Thanks for the insight about managing the tripwire function. I was slightly concerned it would make my dom0 unusable due to my lack of coding skills.
Yes, ultimately, I would like to build out a more robust working environment. But due to the political climate, it’s difficult.
About the threat and contingency modeling, I hazard to say, it was way to personal, which confirms my hypothesis. I suggest we stick to the original mission of the qubes project as opposed to digressing.
I disagree… If it’s open-source and foss and secure it will just notify the users of intruders in the OS. A warning if others hack you without your permission. An Qubes IDS system would be an exellent feature! I strongly disagree with what you wrote.
Imagine a pop-up that says: Intruder. Or, system breach. Just an alarm or a notify.
Then you would at-least know.
If that would be possible to set up in Qubes, the OS would get way way better, and more secure then it is now by default.
A default VPN system with a killswitch already set up by default that just needs an .ovpn file would also be way better then now, where people need to set up a VPN every time they install Qubes.
That’s some constructive criticism for a better Qubes overall. Even if it’s good now as it is also, but it’s just a clean OS, without protection against hackers and other by default.

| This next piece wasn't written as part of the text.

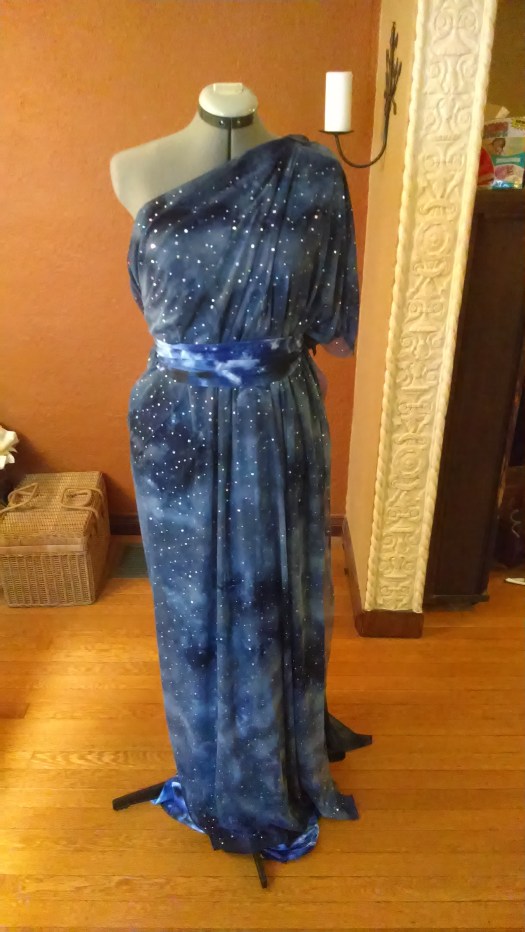 A one shoulder dress with star mesh over cloud fabric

The vast majority of dom0’s attack surface is in the hypervisor and kernel. An attacker with access at that level will just kill off the IDS, so it doesn’t really help.
ok thanks. Is it easy to hack Qubes for some then? How do they do it… sending a file, or remote hacking? Got any smart hardening tips maybe to share… like changing the name of the os outwards so it does not look like qubes and so on?
10 things to do after installing Qubes…
Focus on learning how Qubes works and what protection it offers, rather than trying to ‘harden’ Qubes after you install it.
It is already a very robust platform, but you must first understand the concept of ‘security through compartmentalization’, and then understand how to use Qubes without working against it (transfer files from more trusted to less trusted qubes, how to attach USB’s, what Dom0 is and what NOT to do with it, why there is a sys-usb, sys-firewall, sys-net, how you should split your work/personal life up in to different Qubes that never speak to each other).
Start with learning about what is already there, and how to use it, rather than ways to improve it.
ok thanks. If you take let’s say pure os. That’s much easier right? Or a debian linux dist?
They have no dom0 so on there it’s hacked remotely or with a file easy then i assume. Thanks for the answer.
The last Xen vulnerability that I know to have been practically exploited was XSA-182. XSA-212 and XSA-213 were equally severe, but I am not aware of an exploit for them.
Hi, it would be interesting to have a “production” and “reference” dom0.
So if something “got hacked” or just failed utterly one can go to the reference side which is read-only in order to make the system running again or to be sure that nobody was able to install a backdoor for stealing credentials and secrets.
So a reference dom0 should be built by Qubes developers and signed, so called “factory settings” while a user should be able to produce user-reference dom0 systems which she holds trustworthy as she did not see signs of intrusion here.
Instead of installing some tools like “trip wire” that work after the fact, it is wiser to have means in order to prevent the fact!
So if something seems to be fishy, just go with the user-reference (signed by user), or the developers-reference (signed by developers) to copy it over to the production side while having successfully archived the old fishy active dom0 for later guru meditation on intrusion using all fancy intrusion detection tools.
Here it is suggested to detect intrusion in the big LHC computing grid [which could be used for crypto mining and massive hash table calculations.]
Here they learned normal scientific traffic and some malware traffic from known malware and were able to detect well better than 95%
As our traffic is more diverse than some experimental data gathered from esoteric sensors, I guess that the detection rates are worse in real world, but I think it is the best one can do, provided there are some computing resources left.
So as there are also light weight AI approaches for the embedded world, e.g. classification of cars, people and so on from video images, in a driver assistant system one could think about having some watchdog VM classifying the traffic in Qubes, and grabbing some metrics of /proc and /sys of the VMs so irregularities could be detected much better than if a guru sets up a snort.
The intrusion detection system of Gomez’ Thesis can be found here:
Maybe one wants to do a masters thesis using Qubes and the approach of Arhuaco…
Would it not be possible to couple any such tool with a blockchain that is run locally? A blockchain that need a hardware key to run, so any tampering will lead it to stop & hence trigger a warning.
At some point soon systems like that should be available, there are some for storing logs already but as far as I know they’re not running locally.